Case ID: ga_9/html/0070-01.html
Source: Caselaw Access Project
Author: {"author": "Warner, J.", "license": "Public Domain", "url": "https://static.case.law/"}
Date Created: 2024-08-24T03:29:51.129683

No. 16.
    Lovick P. Hodnett, plaintiff in error, vs. William V. Tatum, defendant.
    
       Where a payment of money is made to the authorized agent of the principal, it is, in law, equivalent to a payment made to the principal himself.
    
       The principal cannot, of his own mere authority, ratify the acts of his agentin part, in regard to a particular transaction, and repudiate them as to the rest. He must either adopt the whole or none.
    Assumpsit, in Troup Superior Court. Tried before Judge Hill, May Term, 1850.
    In May, 1844, the plaintiff in error, Lovick P. Hodnett, gave his promissory note to the defendant in error, Wm. V. Tatum, for seven hundred and twenty-five dollars. Hodnett resided in Georgia and Tatum in the State of Alabama.
    On'the trial in the Court below, it was in evidence, that some time after the note became due, to wit: in May, 1844, Tatum sent one Jeremiah A. Spencer, as his agent, to Hodnett, to collect of him a portion of the note, giving Spencer a blank order, to be by him filled with the sum that Hodnett should pay him, and the order thus filled, to be left with Hodnett as a receipt from Tatum. Spencer received of Hodnett four hundred dollars in bills on Alabama banks, which at this time, were at a discount, generally, of some ten or twelve per cent, though receivable at par in payment of State tax, and sometimes received at par by merchants. Spencer received the money from Hodnett at par, and filled the order accordingly. On the same day that Spencer, the agent, received the money from Hodnett, he paid it over to Tatum, who objected to receiving it at par. Spencer then informed him, that if he was not willing to receive it at par, he should return it to Hodnett. Tatum refused to return the money, and also refused to receive it at par, and entered it on the note, as received at ten per cent, discount. The balance of the note had been paid off.
    The discount on the $>400 constituted the subject matter of litigation in the Court below.
    The Court charged against the defendant, Hodnett, in the Court below, and the Jury returned a verdict accordingly.
    The defendant, by his counsel, moved for a new trial on the grounds—
    1st. Because the Court erred in not charging the Jury, that if Spencer received the money on Alabama banks, as agent for plaintiff, without objections, and receipted Hodnett, or filled out the order at par value, that plaintiff was bound by such act of his agent.
    2d. Because the Court erred in charging the Jury, that plaintiff had a light to receive the money of his agent and retain it at the customary discount, without offering to return it to defendant, or giving him notice of his unwillingness to receive it at par value.
    3d. Because the Court erred in charging the Jury, that plaintiff, if he objected to receiving the money at par, was not bound to return it to defendant.
    
      4th. Because the verdict of the Jury was contrary to the evidence.
    The Court overruled the motion for a new trial on all the grounds taken, and counsel for defendant excepted.
    Hill and Wilkes, for plaintiff in error.
    Stephens, for defendant.
   By the Court.

Warner, J.

delivering the opinion.

The only question in this case is, whether Tatum was bound by the act of his agent, Spencer, in receiving the Alabama money at par value. The money was received by Spencer, the special agent of Tatum, from Hodnett, at its par value, and by Spencer paid over to Tatum, with a knowledge that it was so received from Hodnett.
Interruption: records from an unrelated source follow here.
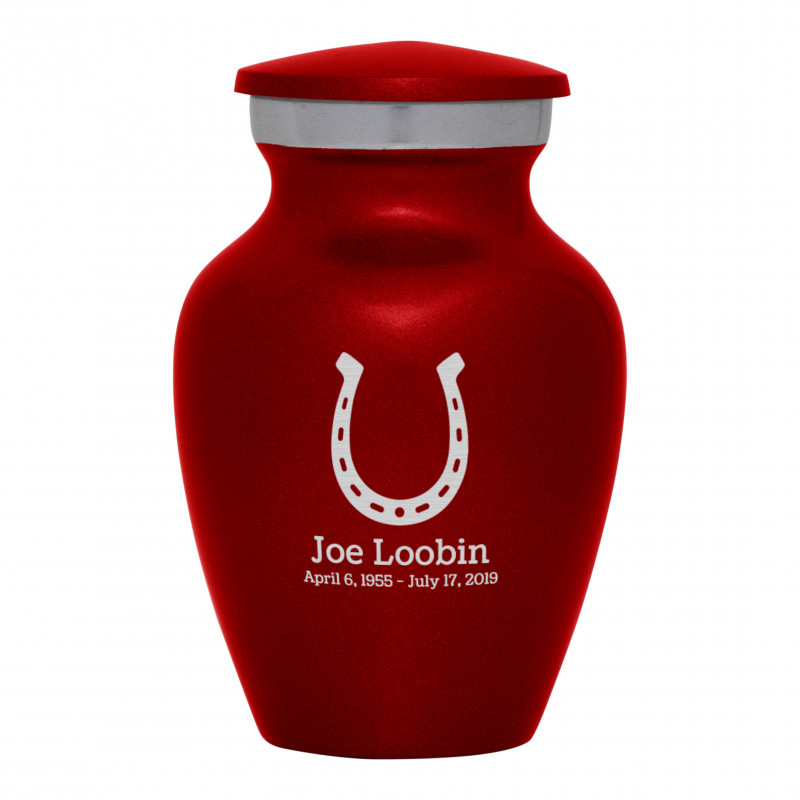 Horseshoe Keepsake Urn - Ruby Red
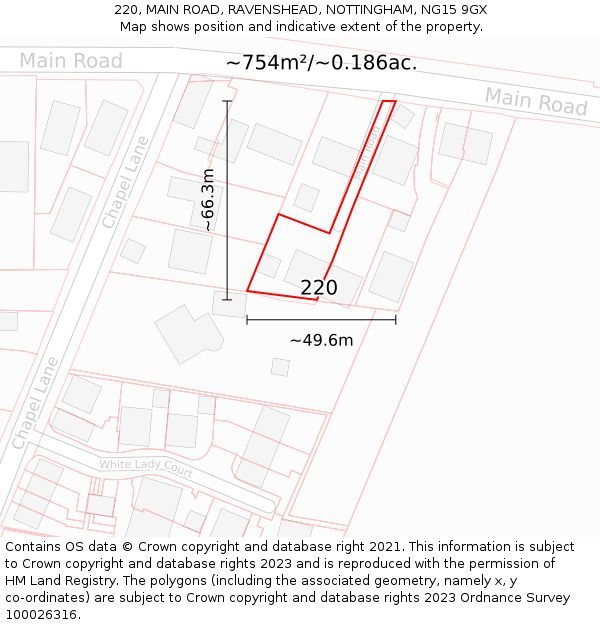 220, MAIN ROAD, RAVENSHEAD, NOTTINGHAM, NG15 9GX: Plot and title map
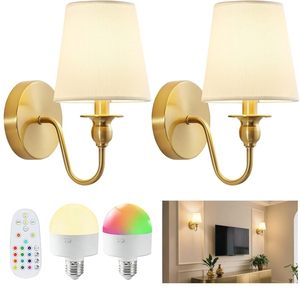 Lámpara de Pared Moderna Escandinava de Cobre con Pantalla de Tela Beige, Bombilla LED Cálida de 3500K, Control Remoto, E26, para Dormitorio - Product Image 1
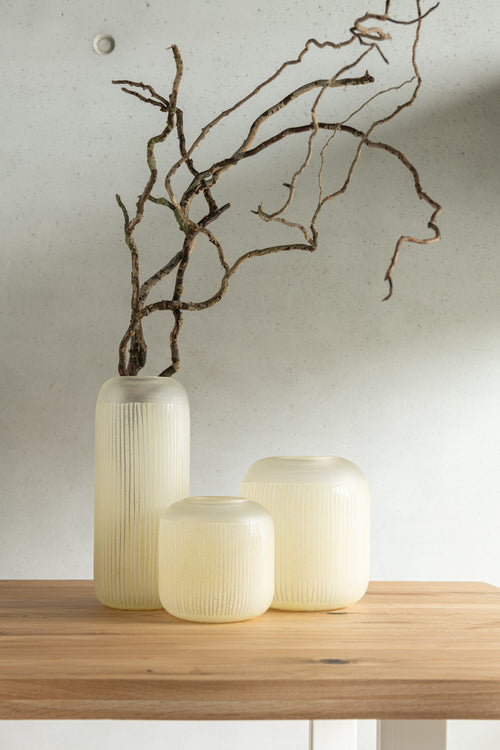 J-Line vaas Strepen - glas - lichtgeel - small - Ø 17 cm - vtwonen shop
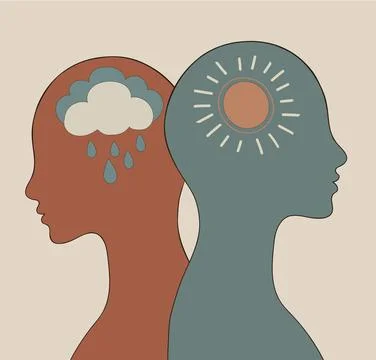 2 Head silhouette.Metaphor bipolar disorder mind mental.Cloud rain and the sun Stock Illustration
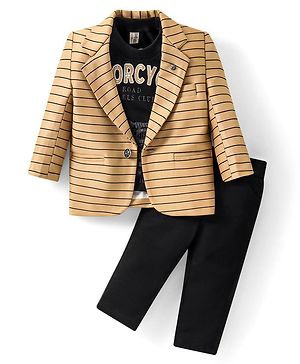 Dapper Dudes Full Sleeves Striped Blazer With Text Printed Tee & Pant - Fawn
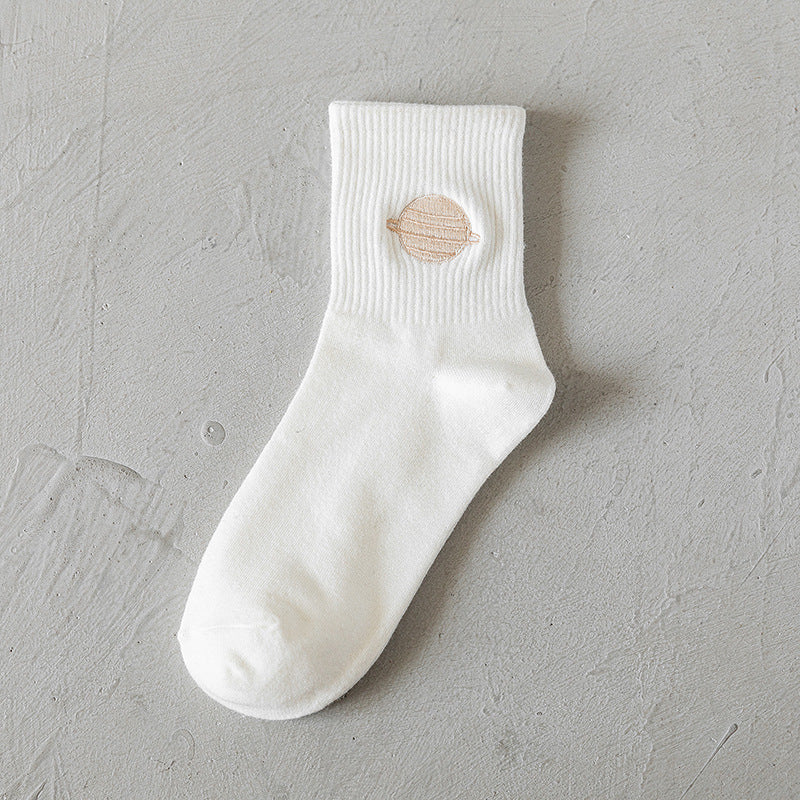 Women's Autumn And Winter Cartoon Illustration Japanese Style Mid-calf High Length Cotton Socks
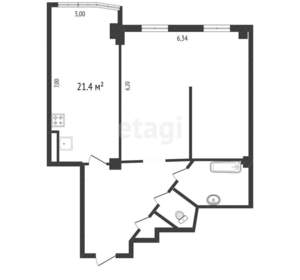 1-к квартира, вторичка, 90м2, 9/15 этаж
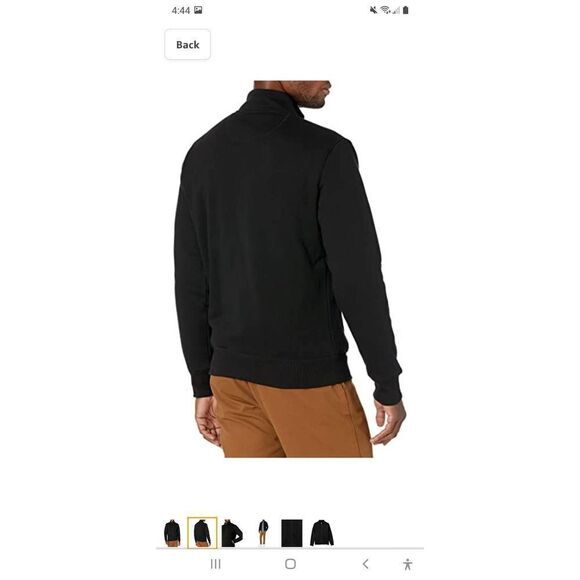 New XL Amazon Essentials Black Long Sleeve Full Zip Sweatshirt Jacket w/ Pockets - Picture 2 of 5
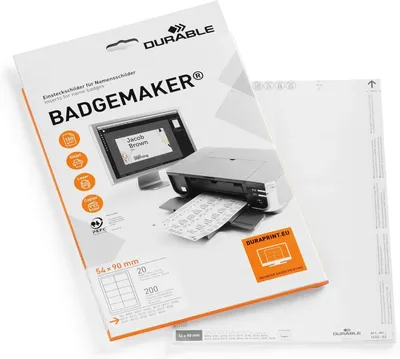Produktbild von Durable Einsteckschilder Badgemaker, 54 x 90 mm, 200 Schilder, weiß, 145502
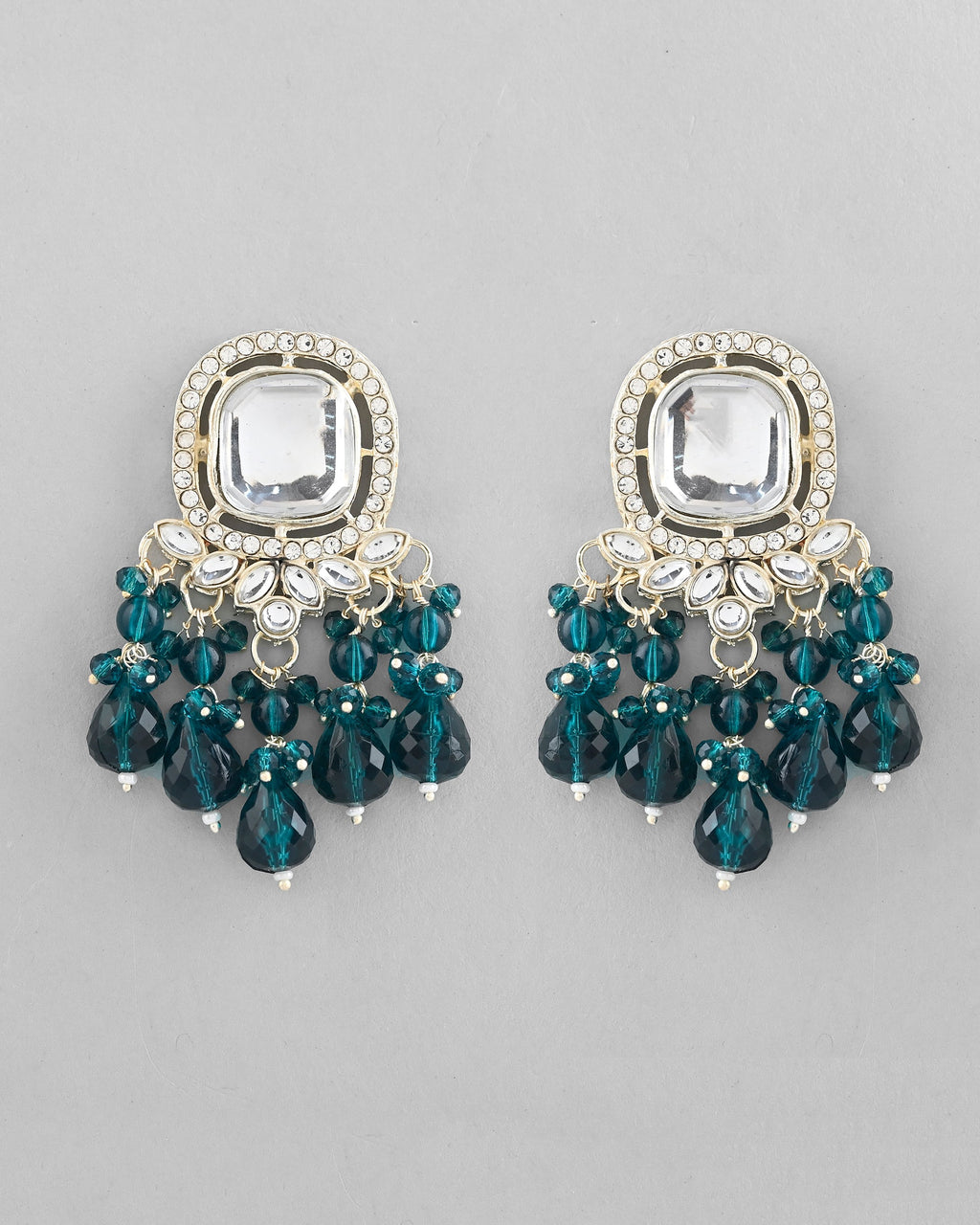 VOJ Silver Plated Kundan Earrings with Teal colour Pearls | Grab2Buy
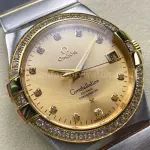 OM+ Factory Omega Constellation Men 123.25.38.21.58.001 38mm Diamond Bezel Gold/Steel Diamond Champagne Dial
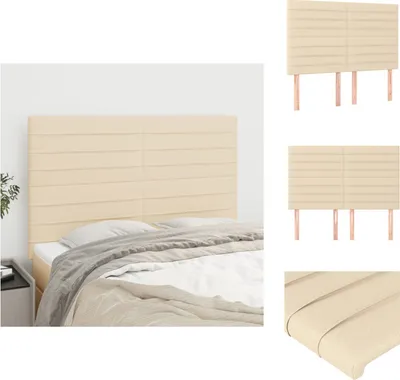 Immagine prodotto di vidaXL Testiere 4 pezzi Tessuto crema 72x5x78/88 cm - Testate e piedi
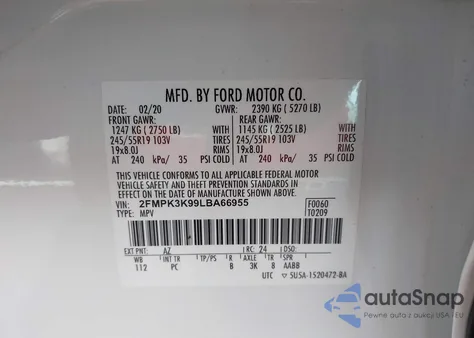 2020 Ford Edge Titanium z USA, uszkodzony, nr VIN 2FMPK3K99LBA66955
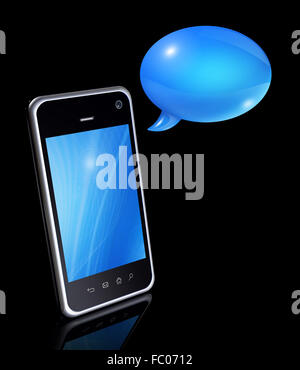 Les bulles et le téléphone mobile Banque D'Images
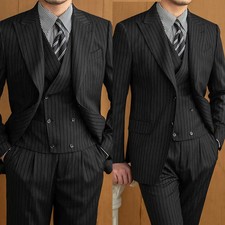 Men's Suit 3-Piece Blazer Vest Pants Single Breasted Buckle Bussiness Wedding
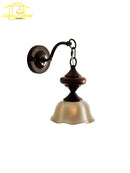 Axyaa Medieval Vintage Ceramic Wall Lamp LED E27 Chrome/Walnut for Bedroom and Living Room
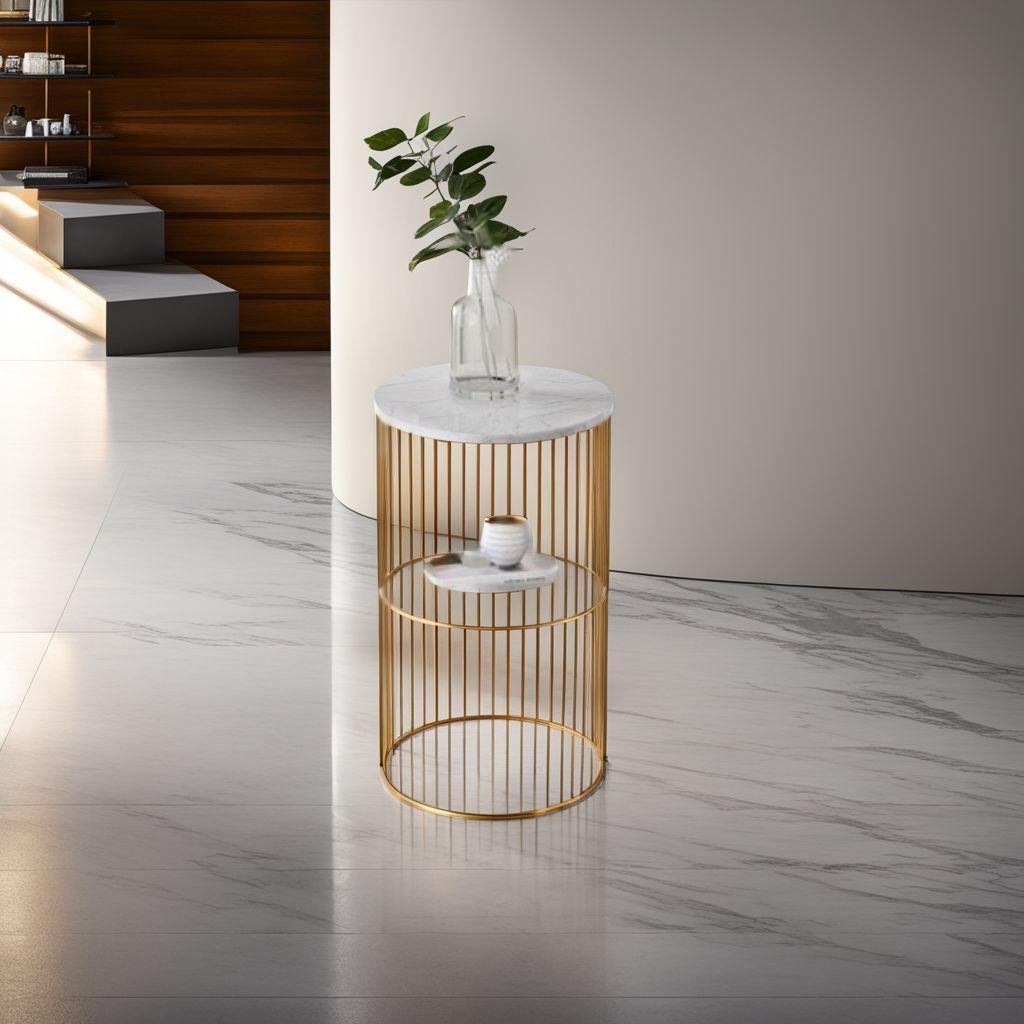 ゴールドフレーム グジュアリー大理石テーブル 2層収納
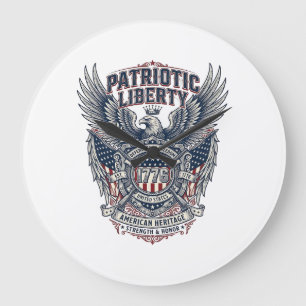 Patriotisk bataljsköld 1776 Militärt inspirerad sy Stor Klocka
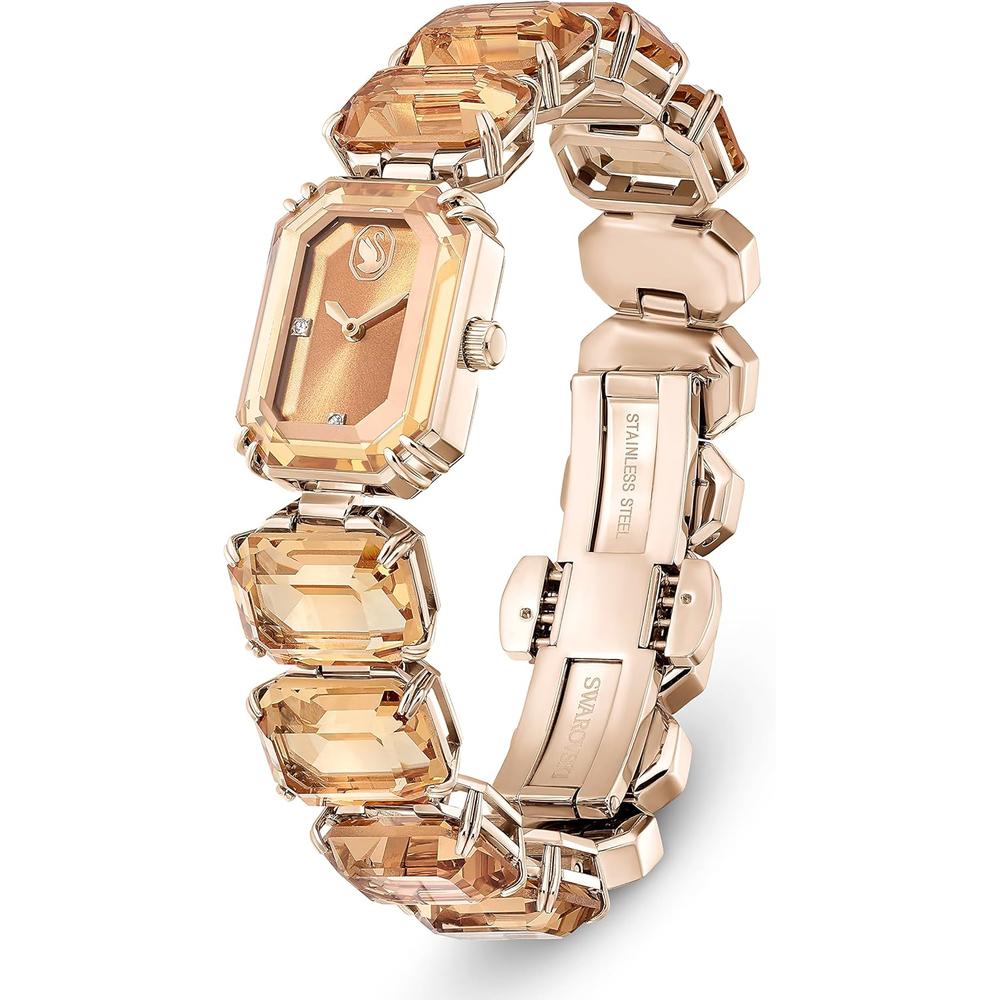 SWAROVSKI RELOJ OCTAGON PARA MUJER | BROWN / CHAMPAGNE GOLD-TONE - 2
Spencer was the agent of Tatum, to receive the payment of the money due on Hodnett’s note, and he received four hundred dollars in Alabama money, without objection, which, according to the written order given by Tatum to Hodnett, requesting him to pay the money to Spencer his agent, was to be credited on his, (Hodnett’s) note.

The payment to Spencer, the agent of Tatum, by Hodnett, was, in law, equivalent to the payment of the money by Hodnett to Tatum himself. The payment to the authorized agent of Tatum, was, in law, a payment to him. Story’s Agency, 126. 2 Kent’s Com. 629. Besides, the money was paid by Spencer to Tatum, who received it, knowing it was received from Hodnett at par value, and of his own mere authority, credited on the note at ten per cent, discount.

The principal cannot, of his own mere authority, ratify the transaction of his agent in part, and repudiate it as to the rest; he must either adopt the whole, or none. Story’s Agency, 245, §250. If he did not intend to ratify the act of his agent in receiving the Alabama money, he ought to have returned it within a reasonable time, and not have retained it upon his own arbi trary terms. When a principal, with a knowledge of all the facts, adopts the acts of his agent, he cannot afterwards impeach his conduct. Cairnes & Lord vs. Bleuker, 12 John. Rep. 305. We

are of the opinion that the principal was bound by. the act of his agent, in receiving the money in this case, and especially is he so bound, after receiving the money from his agent and retaining it.

Let the judgment of the Court below be reversed.